Rascals case in brief

In the beginning, in 1989, more than 90 children at the Little Rascals Day Care Center in Edenton, North Carolina, accused a total of 20 adults with 429 instances of sexual abuse over a three-year period. It may have all begun with one parent’s complaint about punishment given her child.

Among the alleged perpetrators: the sheriff and mayor. But prosecutors would charge only Robin Byrum, Darlene Harris, Elizabeth “Betsy” Kelly, Robert “Bob” Kelly, Willard Scott Privott, Shelley Stone and Dawn Wilson – the Edenton 7.

Along with sodomy and beatings, allegations included a baby killed with a handgun, a child being hung upside down from a tree and being set on fire and countless other fantastic incidents involving spaceships, hot air balloons, pirate ships and trained sharks.

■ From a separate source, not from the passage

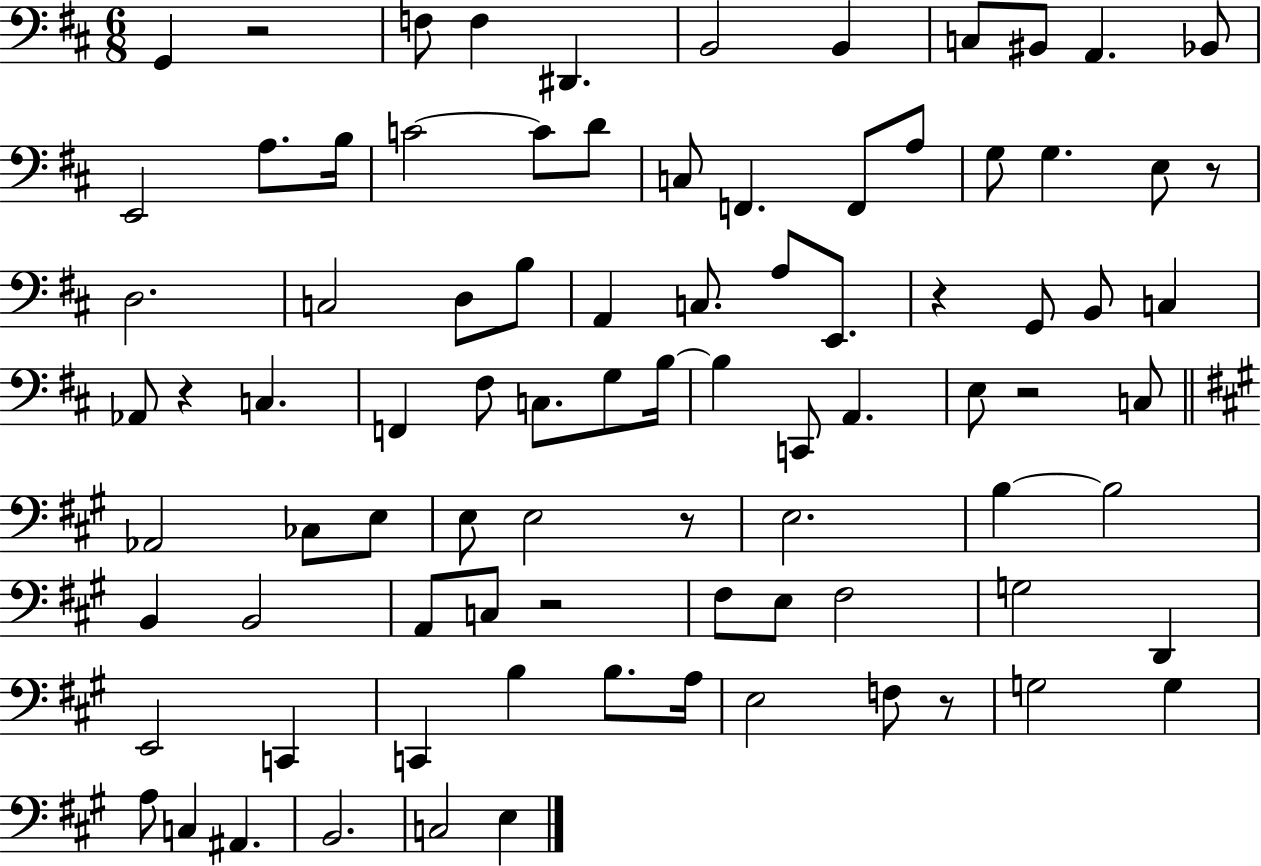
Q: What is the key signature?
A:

By the time prosecutors dropped the last charges in 1997, Little Rascals had become North Carolina’s longest and most costly criminal trial. Prosecutors kept defendants jailed in hopes at least one would turn against their supposed co-conspirators. Remarkably, none did. Another shameful record: Five defendants had to wait longer to face their accusers in court than anyone else in North Carolina history.

Between 1991 and 1997, Ofra Bikel produced three extraordinary episodes on the Little Rascals case for the PBS series “Frontline.” Although “Innocence Lost” did not deter prosecutors, it exposed their tactics and fostered nationwide skepticism and dismay.

With each passing year, the absurdity of the Little Rascals charges has become more obvious. But no admission of error has ever come from prosecutors, police, interviewers or parents. This site is devoted to the issues raised by this case.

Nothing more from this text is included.